(Recorded information begins)

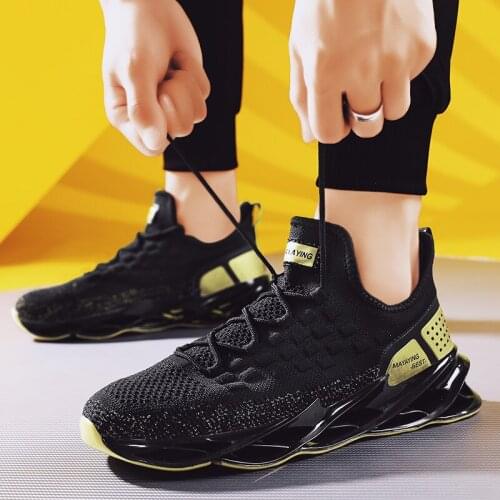 Shoes Breathable Men Shoes Size Sneakers Respirant Summer Breathable Mesh Fabric Leisure For Outdoor Anti-slip Casual 46 Autumn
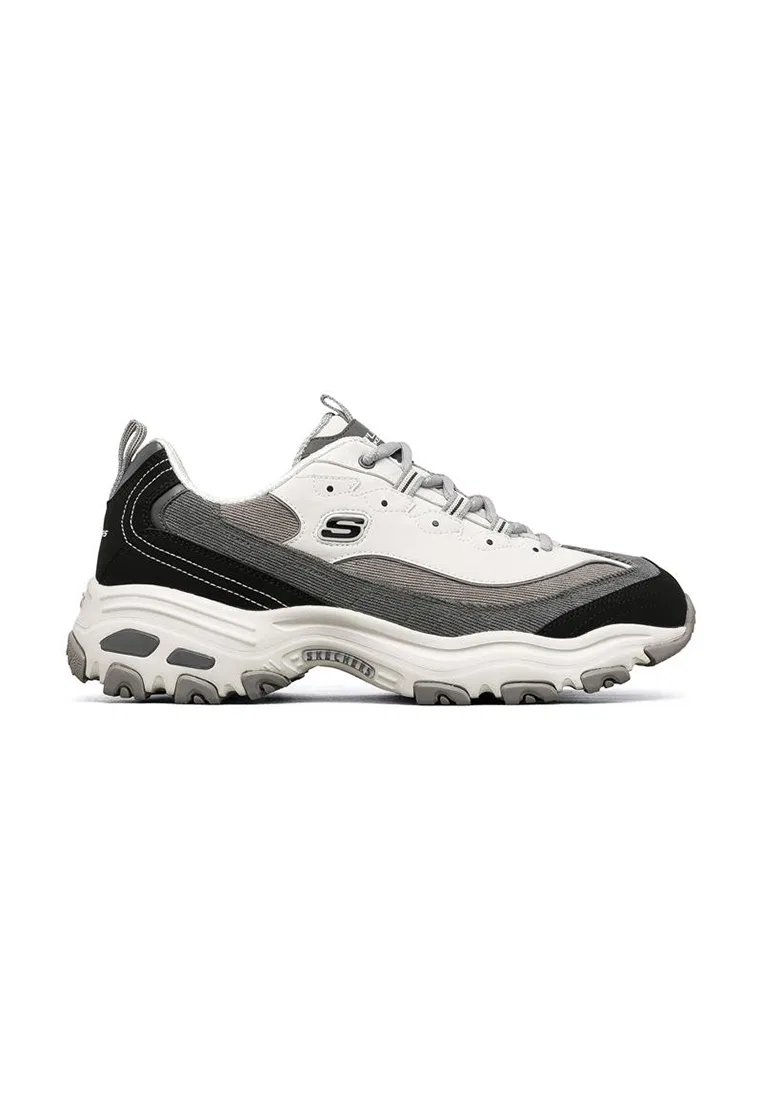 Кроссовки, D'Lites 1.0, Skechers, черный/серый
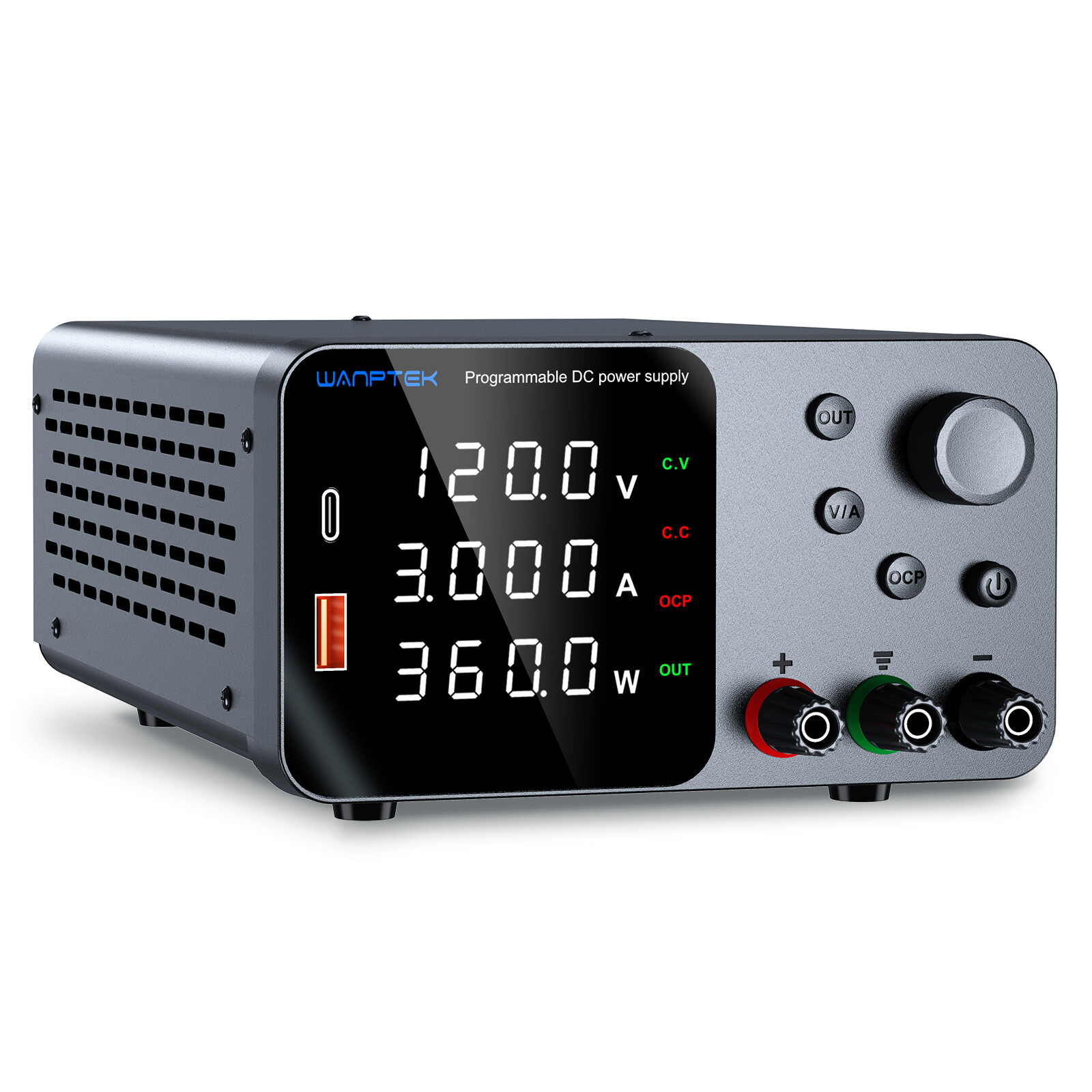 0-30V/60V/120 3A/5A/10A Adjustable DC Power Supply Veriable Lab Bench Switching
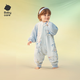 babycare嬰兒睡袋春秋款冬款6層兒童防踢被神器四季通用一體分腿寶寶睡袋 【秋冬薄夾棉 New】星月王國 （推薦室溫16-20℃） 100cm（建議身高95-105cm）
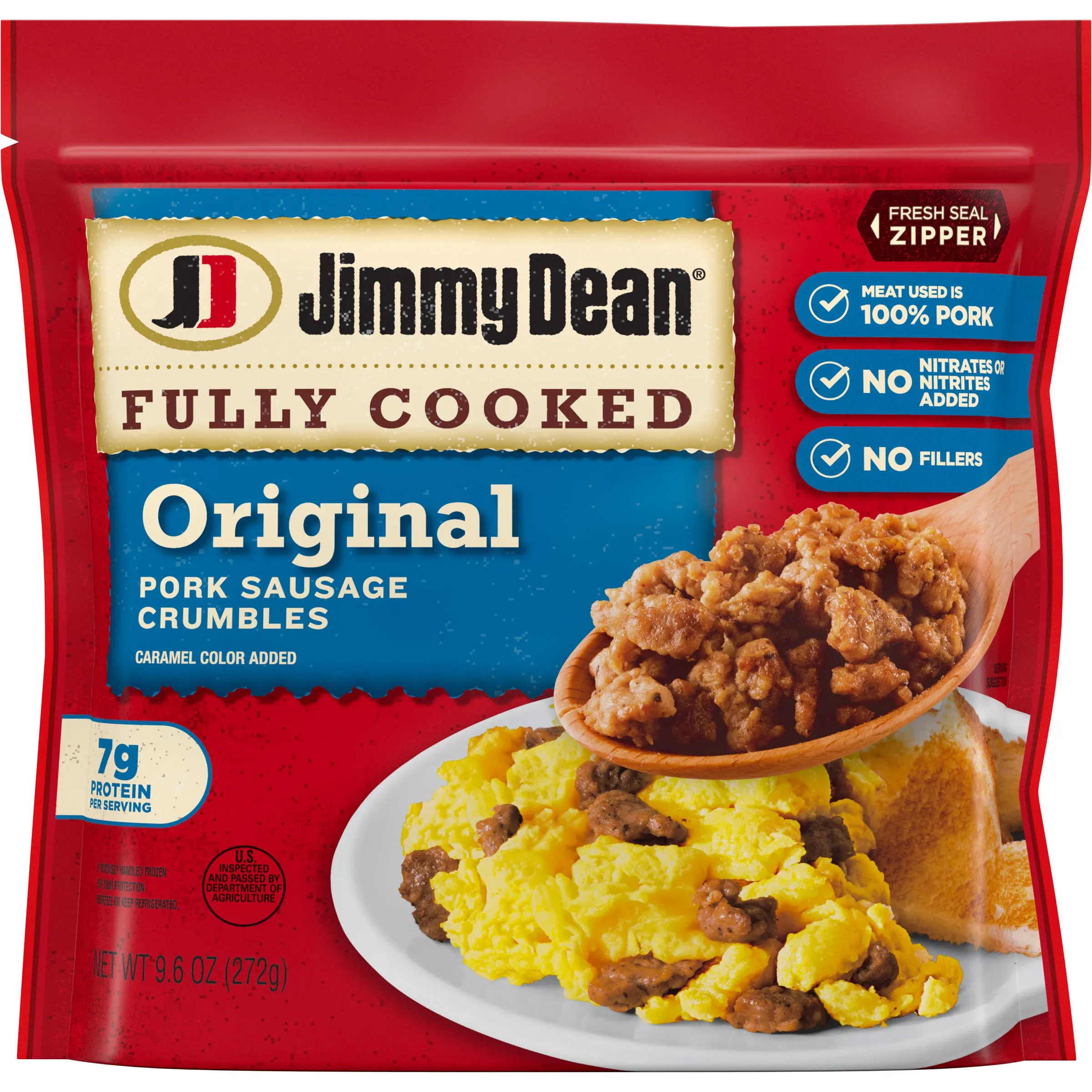 Jimmy Dean Fully Cooked Original Breakfast Sausage Crumbles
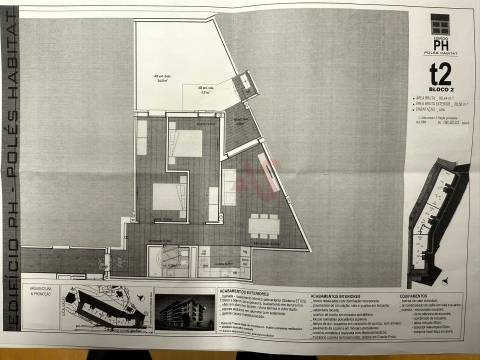 Apartamento T2 novo com terraço no centro de Vizela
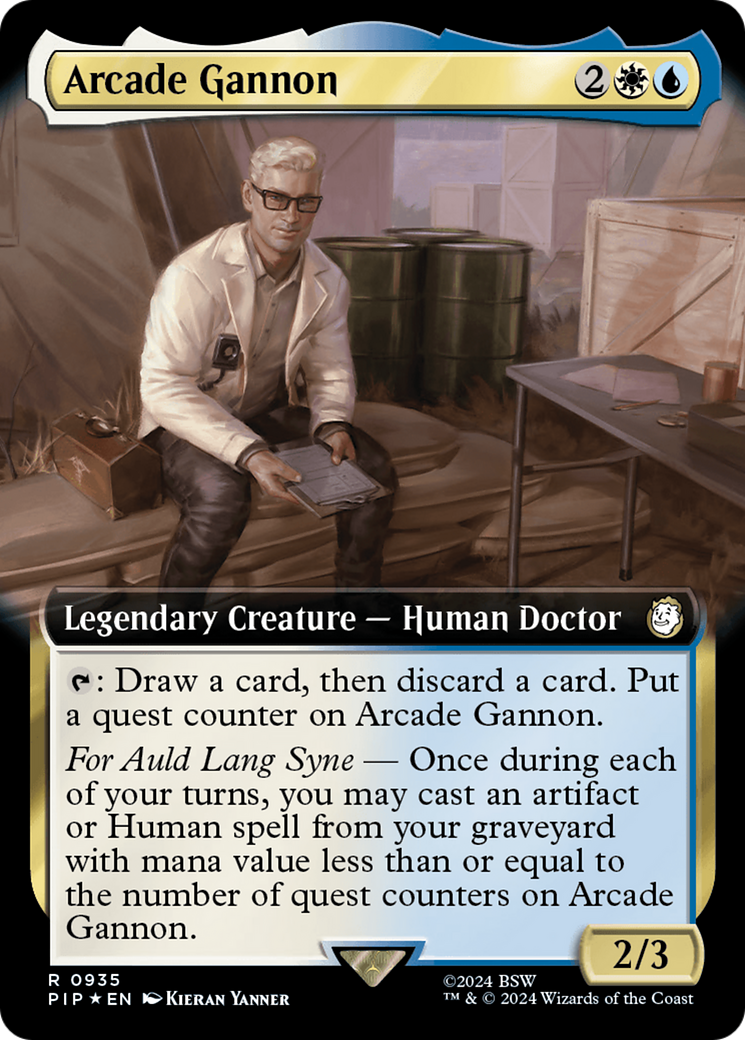 Arcade Gannon (Extended Art) (Surge Foil) [Fallout] | Silver Goblin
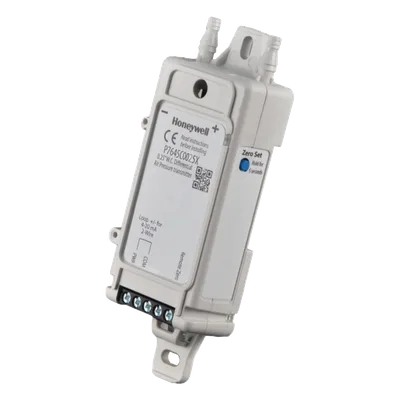 Sensor de Presión Diferencial / Medios Secos / 4 Rangos Seleccionables / Salida Universal / Sonda Remota / Riel DIN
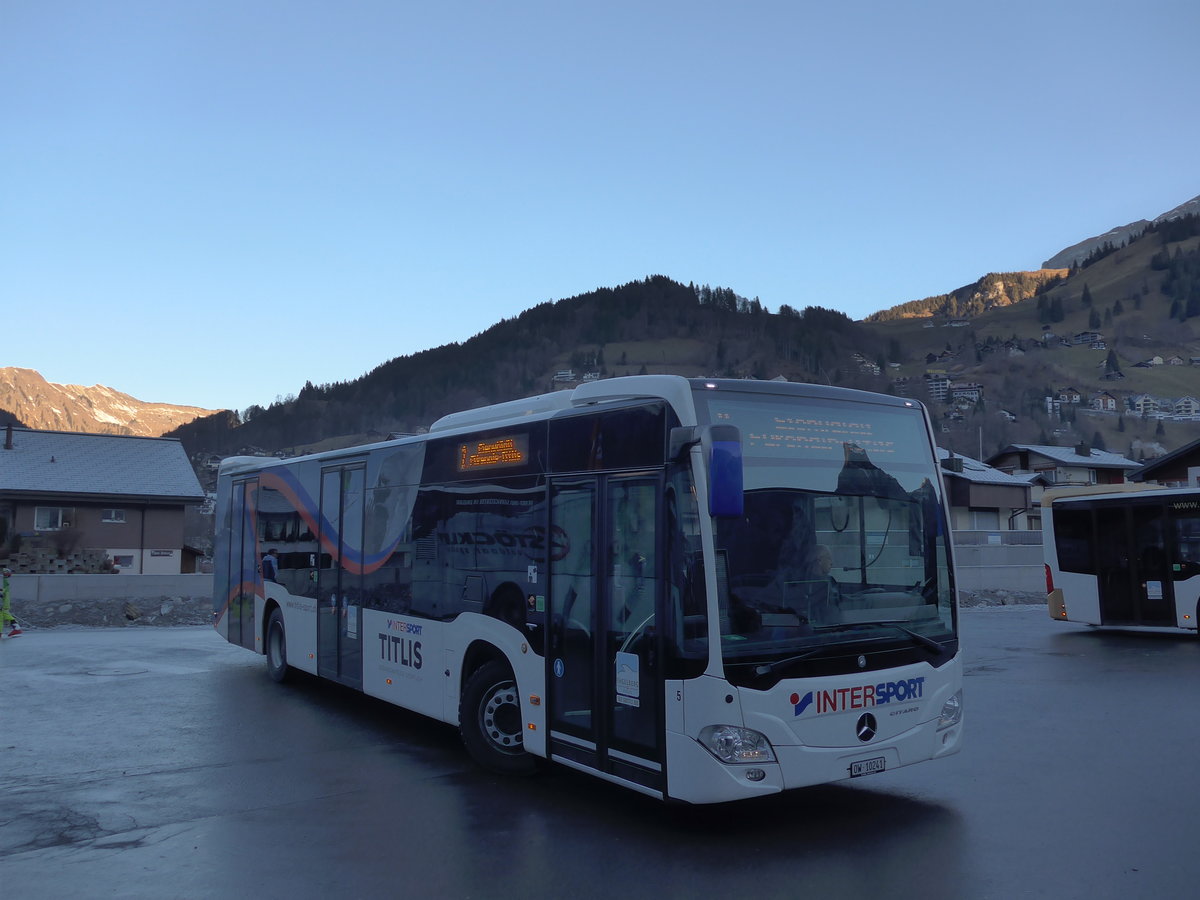 (177'419) - EAB Engelberg - Nr. 5/OW 10'241 - Mercedes (ex VZO Gr�ningen; ex Vorf�hrfahrzeug) am 30. Dezember 2016 in Engelberg, Titlisbahnen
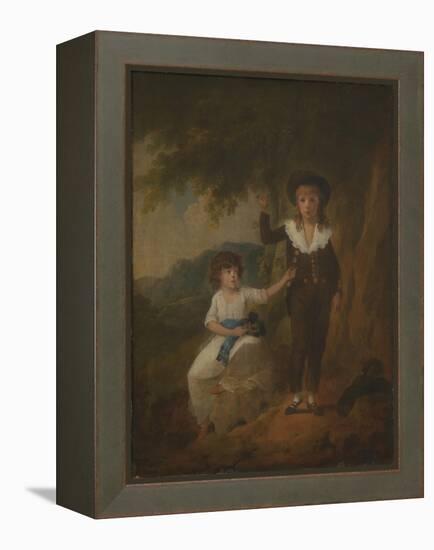 Two Children-Julius Caesar Ibbetson-Framed Premier Image Canvas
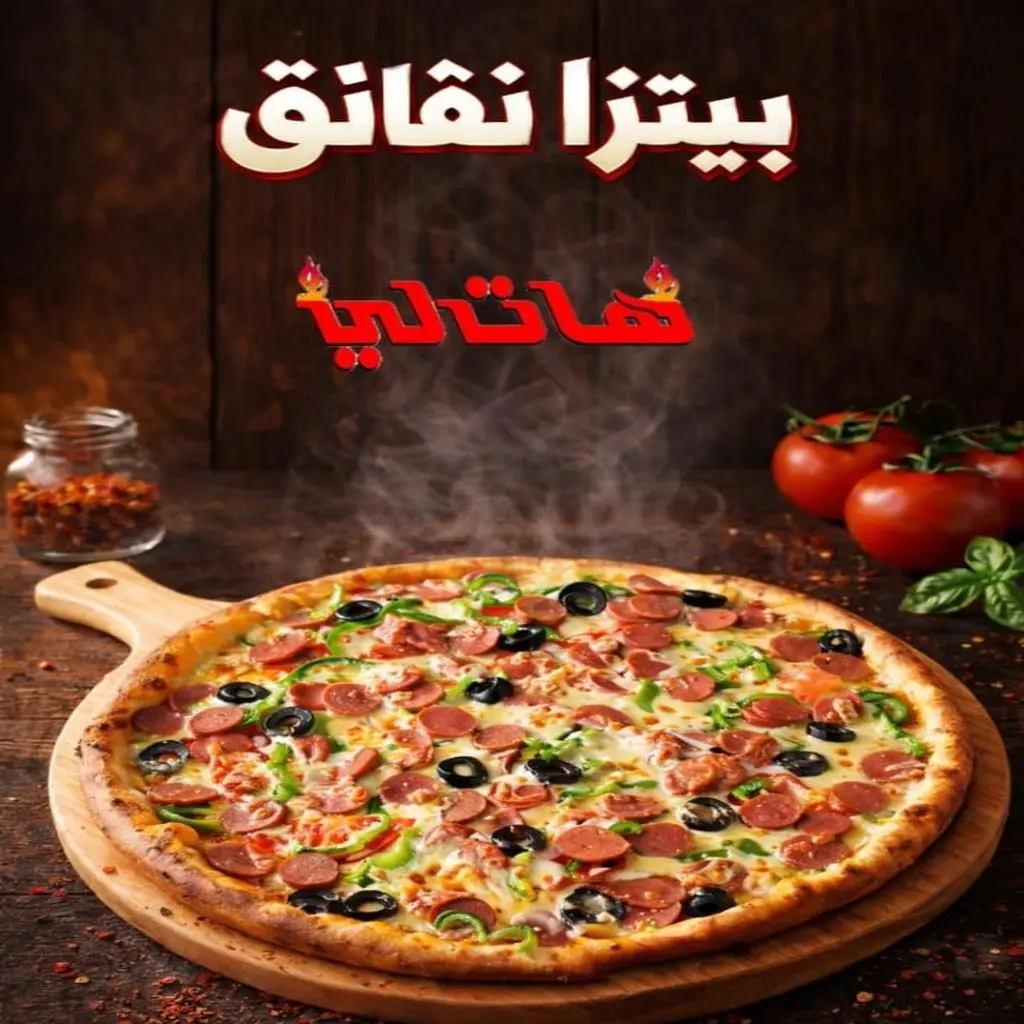 بيتزا نقانق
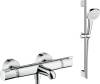 Душевой комплект Hansgrohe Ecostat Comfort 13114000 термостат + душевой гарнитур Croma Select E Vario 26582400
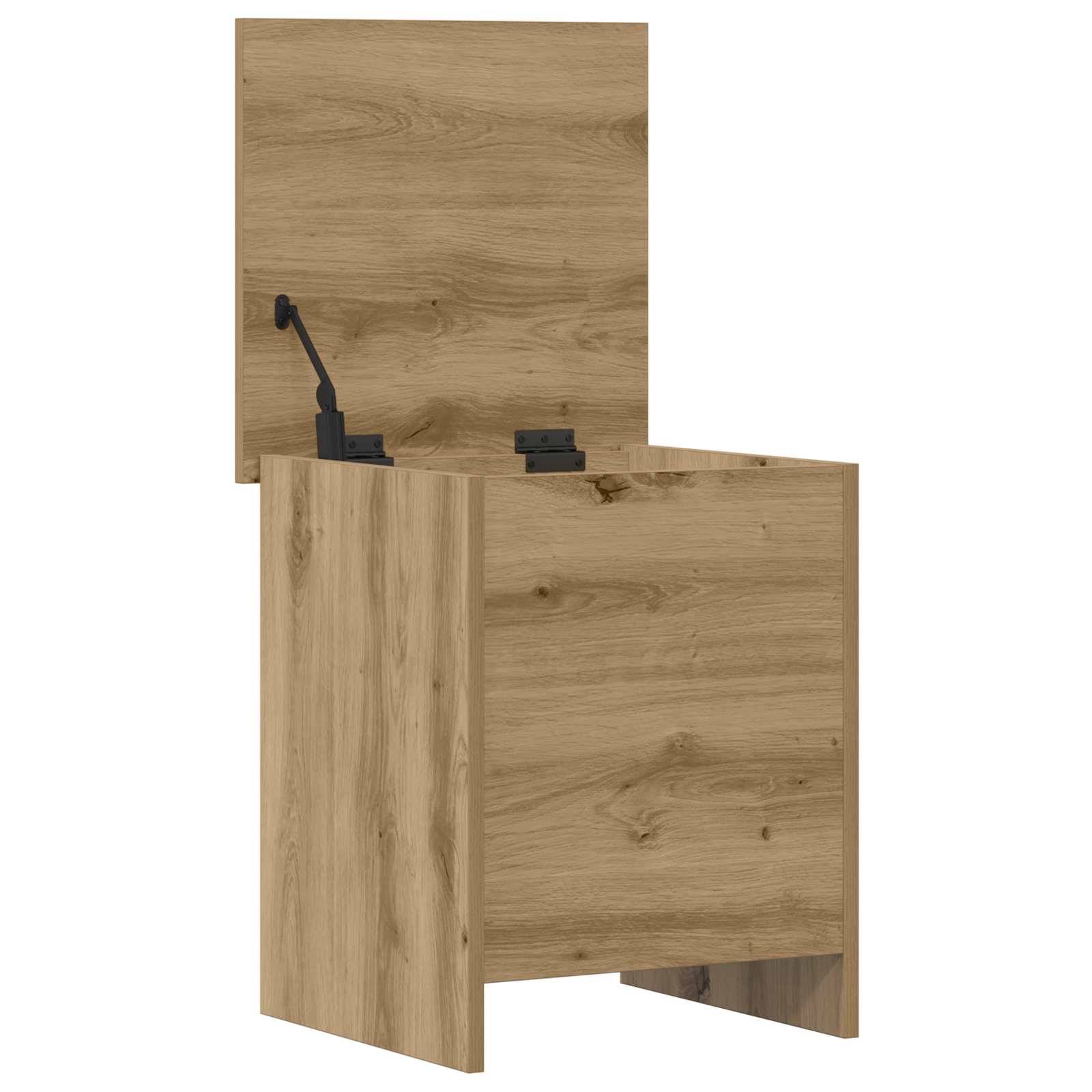 vidaXL Aufbewahrungstruhe Artisan-Eiche 40 x 40 x 50 cm Holzwerkstoff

(Recorded information ends)

- **Goal of the exercise**:
Line by line and exactly, write out the material above. Skip the pictures.

- **Completed exercise**:
 Shoes Breathable Men Shoes Size Sneakers Respirant Summer Breathable Mesh Fabric Leisure For Outdoor Anti-slip Casual 46 Autumn
 Кроссовки, D'Lites 1.0, Skechers, черный/серый
 0-30V/60V/120 3A/5A/10A Adjustable DC Power Supply Veriable Lab Bench Switching
 babycare嬰兒睡袋春秋款冬款6層兒童防踢被神器四季通用一體分腿寶寶睡袋 【秋冬薄夾棉 New】星月王國 （推薦室溫16-20℃） 100cm（建議身高95-105cm）
 Jimmy Dean Fully Cooked Original Breakfast Sausage Crumbles
 Apartamento T2 novo com terraço no centro de Vizela
 Arcade Gannon (Extended Art) (Surge Foil) [Fallout] | Silver Goblin
 Sensor de Presión Diferencial / Medios Secos / 4 Rangos Seleccionables / Salida Universal / Sonda Remota / Riel DIN
 (177'419) - EAB Engelberg - Nr. 5/OW 10'241 - Mercedes (ex VZO Gr�ningen; ex Vorf�hrfahrzeug) am 30. Dezember 2016 in Engelberg, Titlisbahnen
 Two Children-Julius Caesar Ibbetson-Framed Premier Image Canvas
 بيتزا نقانق
 Душевой комплект Hansgrohe Ecostat Comfort 13114000 термостат + душевой гарнитур Croma Select E Vario 26582400
 vidaXL Aufbewahrungstruhe Artisan-Eiche 40 x 40 x 50 cm Holzwerkstoff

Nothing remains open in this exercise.